Image-caption web data:
_ _ _ _ _ _ _

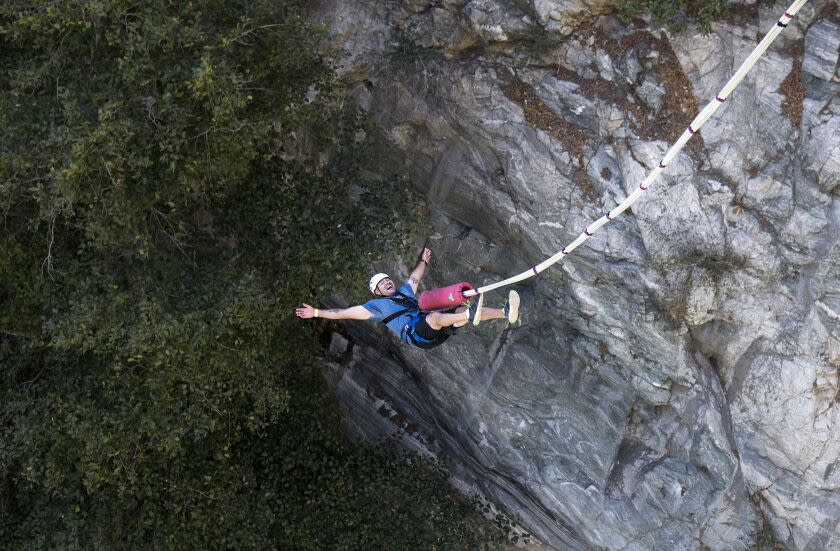 A bungee jumper does a backward plunge off the Bridge To Nowhere on October 16, 2016 in San Gabriel Mountains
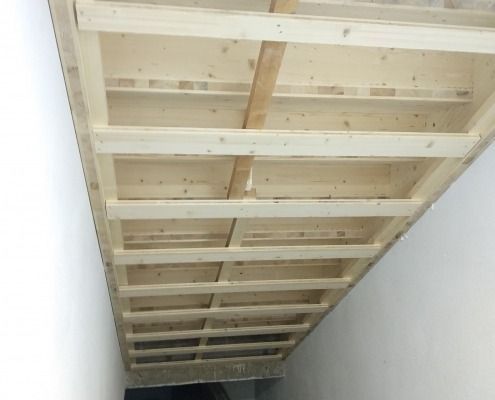 In einem Raum wird eine Holzdecke eingebaut.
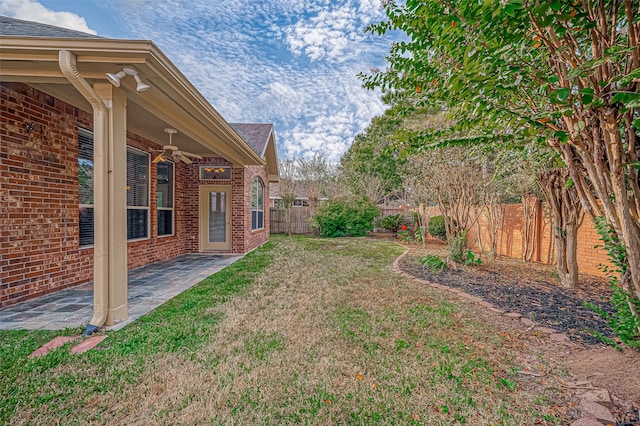 view of yard featuring ceiling fan and a patio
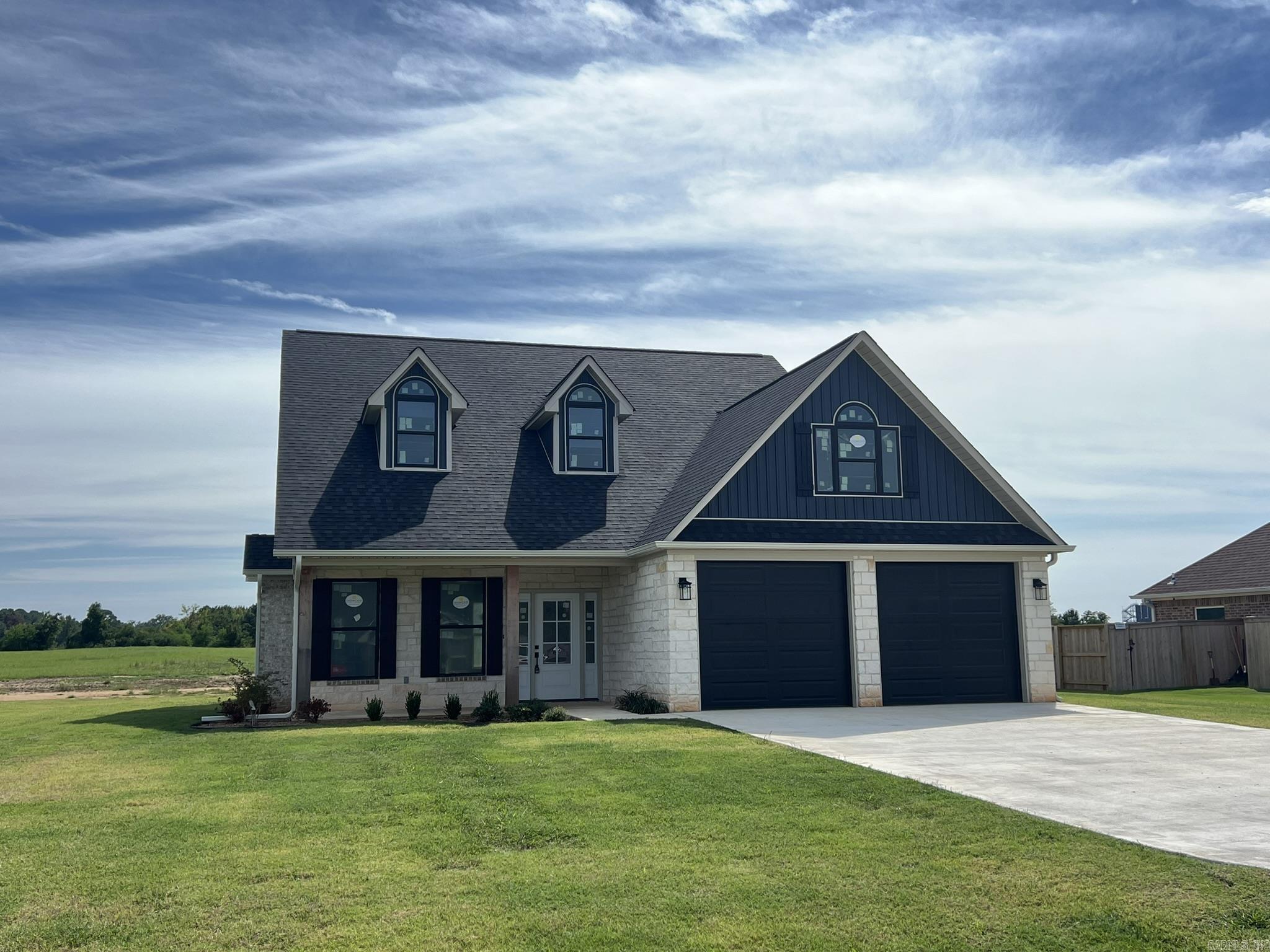 Super cute Farmhouse style new construction. Downstairs is the laundry, Family, half-bath, eating area, kitchen, walk-in pantry & main suite. The main bath is huge with a soaking tub, walk-in shower & separate vanities. There are 2 walk-in closets off the main bedroom. Upstairs has 2 bedrooms, 1 w/ private office/playroom/extra storage (heated & cooled), Large Bonus Room, full bath, open loft area overlooking main living area. This space would also make a great office, playroom or reading area. Floor plan attached in Assoc. Docs does not show the private office that is mentioned above. SELLER WILL PAY UP TO $10,000 for Buyer for Closing Cost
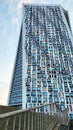A skyscraper of a futuristic shape against a blue sky. An example of modern architecture. Many windows are repeated in a pattern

_ _ _ _ _ _ _

> [TASK TO CARRY OUT]: Retype only the lines above from the one with "In einem Raum wird eine Holzdecke eingebaut." through the one with "view of yard", exactly and with both ends. Images stay out.

> [TASK RESPONSE]:
 In einem Raum wird eine Holzdecke eingebaut.
 view of yard featuring ceiling fan and a patio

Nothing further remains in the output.